As someone who didn't hear about this holiday until I was about 13, St. Pat's Day means only one thing to me: boozing spectacularly. I mean, not to ME personally, but that's what the holiday represents itself as to me.

Your college story was hilarious. We always had spring break during St. Pat's day (but apparently not anymore because UIUC decided to move spring break week after St. Pat's day...hmm). We used to have "Unofficial," which was always two weeks before St. Pat's Day and involved all the students at the uni getting drunk all day. The first two years I luckily missed it because I wasn't on campus. Junior year I was at work in the morning and the rest of the day I spent in the comfort of my apartment. And senior year, I annoyingly had to deal with the drunks on campus. SO IRRITATING.

I never knew the holiday to be so creepy either. People dressed up as leprechauns stealing kids' stuff? Ghost leprechauns? I know leprechauns are supposed to be mischievous but that's just weird.

How old are the kids that you tutor? I'm never amazed by how "old" kids seem these days. We were never like that when we were kids!

[identity profile] apple-pathways.livejournal.com 2011-03-18 07:22 pm (UTC)(link)
I tutor all ages: from Kindergarten through advanced algebra. At the moment, though, all of my students are between 7 and 14. While the younger kids are adorable and certainly have a lot of cute stories, I prefer tutoring the older kids: the math is more challenging, and the kids don't need constant redirection.

Usually.

I'm always amazed at how confident at articulate the kids are!
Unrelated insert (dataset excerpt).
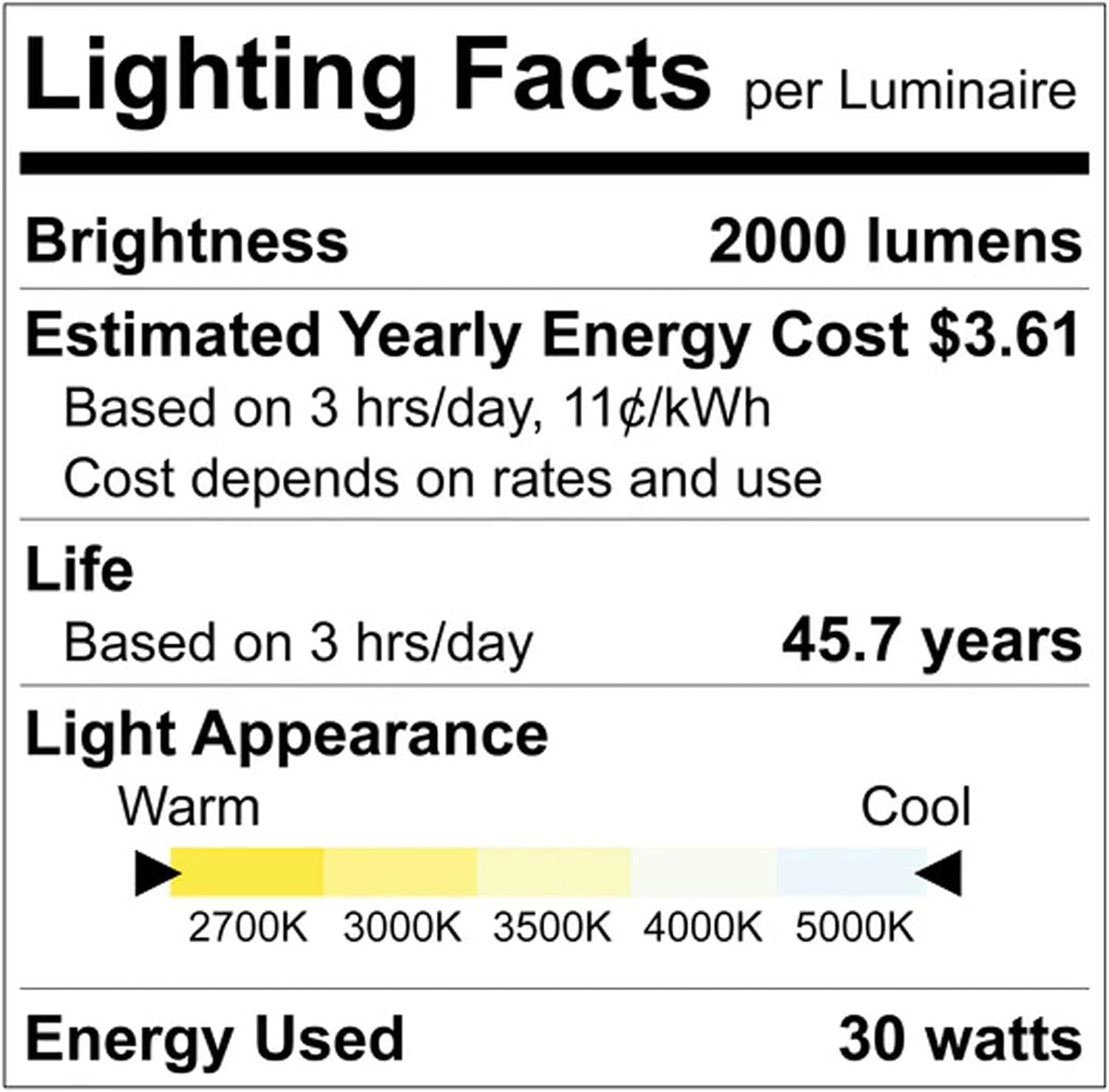 LUXRITE 2-Head Regressed Trimless Gimbal LED Recessed Spotlight, 360°+15° Swivel Rotation, 5CCT 2700K-5000K, CRI90, 30W, 2000 Lumens, 60° Beam, Rectangle White, Dual Dimmable, IC & Wet Rated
Most of them are perfectly comfortable carrying on a conversation with me from Day 1, while I was terrified of adults until I was well into my teens. They also dress much more stylishly: I have eight year old girl's whose outfits are much more adult/on trend than mine!

While the idea of dressing in green and going out drinking for St. Patrick's Day seems like fun, I can't remember ever really doing it, largely because it always fell on a week day. I don't have anything against drinking in the middle of the week, but when you work and go to school, it's hard to make it happen.

I have no idea how Nathan came up with the Ghost Leprechaun story, and I didn't ask: CREEPY! But the other leprechaun pranks (obviously perpetrated by the kids' teachers) sounded really cute!